CPI can only go up from here

Botswana’s year-on-year headline consumer price inflation (CPI) increased to 4.6 percent in February 2014, up by 0.2 percentage point from January’s reading of 4.4 percent. This increase, following the lows of 4.1 percent in November and December 2013, supports our view that we have reached the bottom of the current interest rate and inflation cycle.

Inflation fell significantly since the middle of 2013, primarily as a result of the Central Bank of Botswana reducing the crawl rate of the pula exchange rate system.
February’s rate of 4.6 percent was also significantly lower than the 7.5 percent y/y rate recorded in February 2013. This is mainly due to the general price stability of the two major components of CPI, namely Food & Non- Alcoholic beverages and Transport. These two categories saw low increases of 3.5 percent and 1.9 percent respectively.

The Alcoholic Beverages, Tobacco & Narcotics category had the highest increase of 2.2 percent in February 2014 on a month-on-month basis. This follows the incremental increase in the alcohol levy, as well as the introduction of the tobacco levy in 2013, the effects of which have now filtered through.
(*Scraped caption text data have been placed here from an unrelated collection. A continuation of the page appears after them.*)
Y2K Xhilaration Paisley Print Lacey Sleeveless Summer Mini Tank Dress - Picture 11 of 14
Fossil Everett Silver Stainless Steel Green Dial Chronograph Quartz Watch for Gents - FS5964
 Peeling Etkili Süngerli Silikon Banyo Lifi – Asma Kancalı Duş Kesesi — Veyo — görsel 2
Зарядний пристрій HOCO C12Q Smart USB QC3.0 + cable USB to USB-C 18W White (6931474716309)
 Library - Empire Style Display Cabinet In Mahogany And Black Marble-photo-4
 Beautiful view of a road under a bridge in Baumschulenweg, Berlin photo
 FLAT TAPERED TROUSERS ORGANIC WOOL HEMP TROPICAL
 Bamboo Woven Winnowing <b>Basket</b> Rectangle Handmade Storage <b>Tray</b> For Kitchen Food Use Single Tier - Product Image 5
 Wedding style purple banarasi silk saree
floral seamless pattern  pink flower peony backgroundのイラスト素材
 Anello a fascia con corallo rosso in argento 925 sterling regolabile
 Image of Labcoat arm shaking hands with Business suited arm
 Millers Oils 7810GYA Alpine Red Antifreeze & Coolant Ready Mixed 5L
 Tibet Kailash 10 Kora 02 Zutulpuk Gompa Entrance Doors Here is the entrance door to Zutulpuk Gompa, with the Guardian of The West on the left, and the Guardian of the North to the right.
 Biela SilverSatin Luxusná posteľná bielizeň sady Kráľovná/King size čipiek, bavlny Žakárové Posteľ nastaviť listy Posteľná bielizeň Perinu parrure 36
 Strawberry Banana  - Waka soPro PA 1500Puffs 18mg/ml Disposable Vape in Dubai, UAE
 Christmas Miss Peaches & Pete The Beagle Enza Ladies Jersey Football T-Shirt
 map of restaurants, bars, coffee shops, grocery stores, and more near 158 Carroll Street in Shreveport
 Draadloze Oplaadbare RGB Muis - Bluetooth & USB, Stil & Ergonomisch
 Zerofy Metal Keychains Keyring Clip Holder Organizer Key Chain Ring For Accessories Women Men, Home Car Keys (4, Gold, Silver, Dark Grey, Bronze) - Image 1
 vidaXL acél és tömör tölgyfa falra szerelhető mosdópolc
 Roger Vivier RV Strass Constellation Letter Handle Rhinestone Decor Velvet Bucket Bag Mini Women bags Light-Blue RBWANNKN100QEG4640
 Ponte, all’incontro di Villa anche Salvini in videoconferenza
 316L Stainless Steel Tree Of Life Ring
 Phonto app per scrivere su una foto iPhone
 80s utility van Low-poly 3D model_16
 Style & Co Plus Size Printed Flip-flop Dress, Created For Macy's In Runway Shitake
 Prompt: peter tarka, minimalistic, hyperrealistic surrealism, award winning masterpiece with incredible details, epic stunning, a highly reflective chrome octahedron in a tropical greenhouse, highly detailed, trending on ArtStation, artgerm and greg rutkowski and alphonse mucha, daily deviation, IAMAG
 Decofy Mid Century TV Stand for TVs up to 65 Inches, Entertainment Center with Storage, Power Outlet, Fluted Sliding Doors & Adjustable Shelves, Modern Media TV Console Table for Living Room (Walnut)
Alcoholic beverages had the biggest increase, rising by 2.4 percent between January and February.

Alcoholic Beverages, Tobacco and Narcotics added 1 percent to inflation, while Food added 0.8 percent, largely because of its significant weight in the CPI basket. Other group indices recorded modest increases during the period.

As a measure to differentiate between reaction of the monetary authority to domestic and imported inflationary pressures, we use tradable and non-tradable inflation. The non-tradable component of CPI is usually driven by the cycle in domestic production, while reaction to the more flexible tradable component can be viewed as more aligned to nominal exchange rate fluctuations. The all-tradable inflation rate rose by 0.4 percentage point in February to 4.8 percent y/y. Conversely, the imported tradable inflation rate dropped by 0.1 percentage point to 3.5 percent between January and February 2014, as a consequence of the stronger pula- rand exchange rate.

We expect pressure from imported food inflation to remain benign in the short term, but rise somewhat along with the expected increase in inflation in South Africa over the medium term.

Inflation seems to have bottomed and is now starting to edge up slightly. It is our view that inflation will remain within the Bank of Botswana’s inflation target range into the second half of this year. However, we will keep an eye on increases in administered prices and the scale of increases in civil servants’ salaries, as both of have the potential to push inflation higher.